Bien sûr, la personnalité juridique dont elle dispose lui permet d’en imposer aux pays membres15. Mais en associant 27 Etats, parmi lesquels un grand nombre des principales puissances mondiales, l’Union européenne dispose désormais d’une personnalité politique - l’Europe - qui devrait lui donner les moyens d’exister plus largement et d’agir vers le reste du monde, à condition de réformer son acception de la puissance. Elle concentre une position mondiale incontournable et forme, à défaut d’un Etat, une unité de civilisation qui soude ses participants autour d’un passé, de valeurs et de grands intérêts communs. Pourtant, l’extension du principe communautaire a surtout assujetti un nombre grandissant de compétences européennes à des procédures lourdes et complexes. Et l’effort de convergence n’a aboutit qu’à une volonté européenne assez limitée. Enferrés dans les procédures et les enjeux internes, les Européens n’ont exprimé de volonté qu’à l’égard d’eux-mêmes et trop peu en direction du monde. Si bien qu’après de premières décennies prometteuses, les années 1990 et 2000 ont donné matière et argument à un discours relativiste, voire « décliniste », sur la puissance européenne et, pour le moins, à un scepticisme grandissant. Bien sûr, la propension des Etats-Unis à jouer seuls sur la scène internationale après les attentats de 2001 et surtout l’émergence fulgurante de la Chine ont contribué à relativiser le poids de l’Europe dans le monde et ont pu nourrir de tels sentiments. Mais la promesse des traités d’aboutir à Union européenne-puissance n’a pas été tenue. La puissance européenne, si elle demeure l’objectif principal, est à rechercher ailleurs et à promouvoir différemment.
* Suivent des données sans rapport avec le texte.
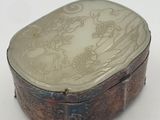 a silver box with a design on it on a white surface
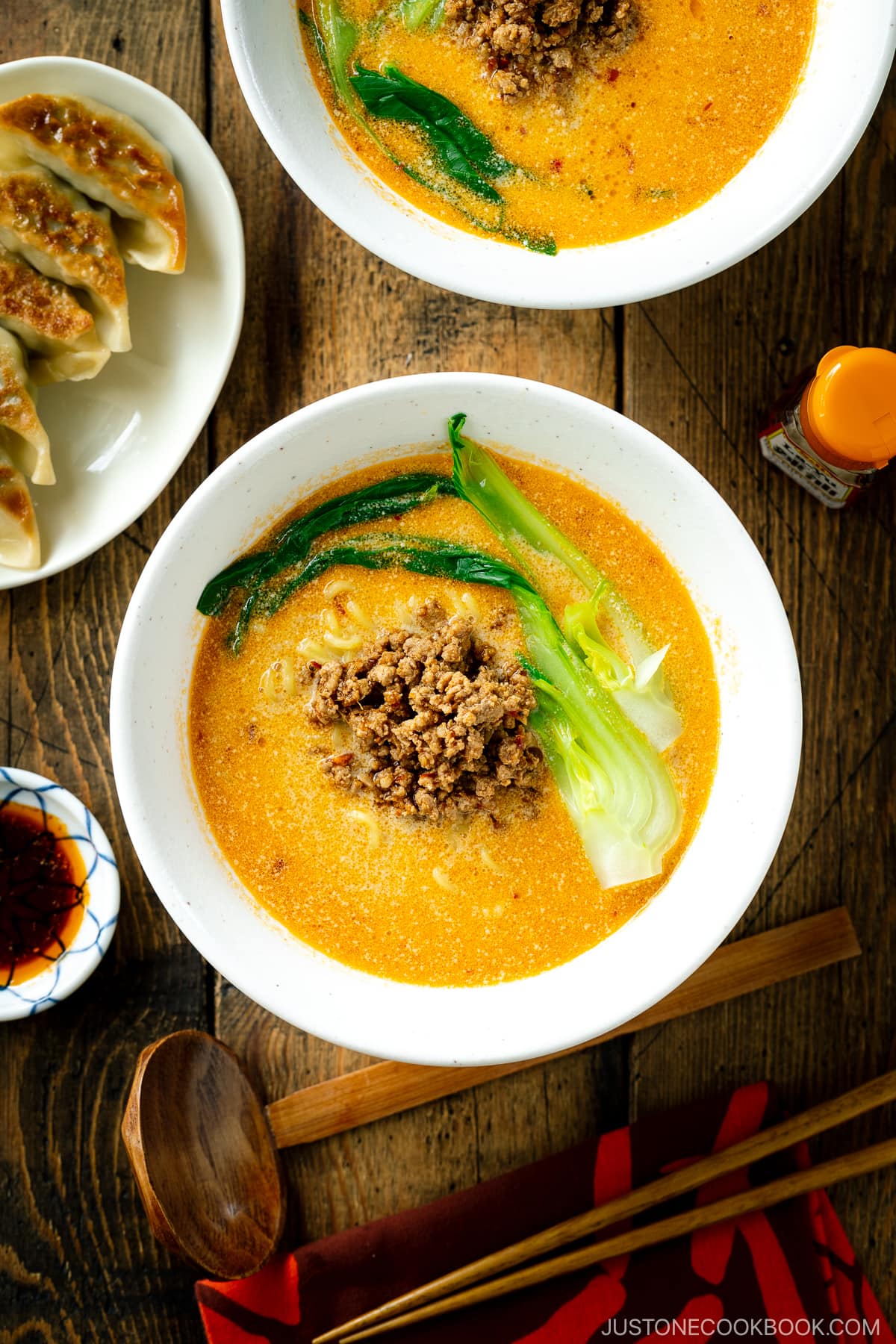 A white bowl containing Tan Tan Ramen (Tantanmen) which consists of ramen noodles and spicy creamy sesame soup, topped with savory ground pork mixture and blanched bok choy.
Les grands événements internationaux récents et les urgences qu’ils suscitent ont découvert de nouveaux modes de fonctionnement. Quand l’Union européenne semble empêtrée dans le jeu international où cohabitent de grandes puissances souveraines, les puissances européennes apparaissent plus mobiles et réactives. La crise géorgienne de l’été 2008, la gestion de la crise financière ou de la dette grecque ont clairement exposé cette réalité. L’Europe a-t-elle perdue à cette concertation intergouvernementale ? Au contraire, l’unité institutionnelle est confortée par l’affirmation hiérarchique du Conseil européen sur la Commission et une volonté européenne univoque s’est exprimée à chacune de ces occasions. Les puissances européennes sont désormais conscientes de leurs intérêts mutuels. Leur ancienne concurrence s’estompe ou se relativise dans un monde où d’autres concurrences s’affirment. 
 

En définitive, il ne suffit pas à l’Europe de cumuler des critères objectifs de puissance, il faut les faire donner ; sans quoi la puissance n’est rien. Après l’élargissement, l’Europe-puissance ne peut plus être réduite à la seule Europe-organisation qu’est l’Union européenne. L’Europe-puissance ne signifie d’ailleurs pas que l’Union européenne devienne une grande puissance en tant que telle mais que l’Europe demeure et s’affirme comme un des tous premiers pôles de puissances. Au début du XXIe siècle, la concurrence des puissances européennes a changé de nature. Le temps n’est plus à leur dispersion et à leur concurrence dans les quatre parties du monde comme à l’âge des empires coloniaux. Elles ne s’entravent plus les unes les autres mais sont mobilisées par des concurrences extérieures bien plus fortes qui s’imposent à elles. Elles forment un véritable pôle de puissances. L’Europe-puissance n’est pas seulement une agrégation mais bien davantage un réseau de puissances. Ainsi, l’union des Européens est progressivement devenue un intérêt commun et n’est donc plus nécessairement soumise à une intégration institutionnelle. Les Européens perdraient beaucoup de temps, d’énergie et d’efficacité à méconnaître cette réalité et à s’évertuer à échafauder une puissance unique.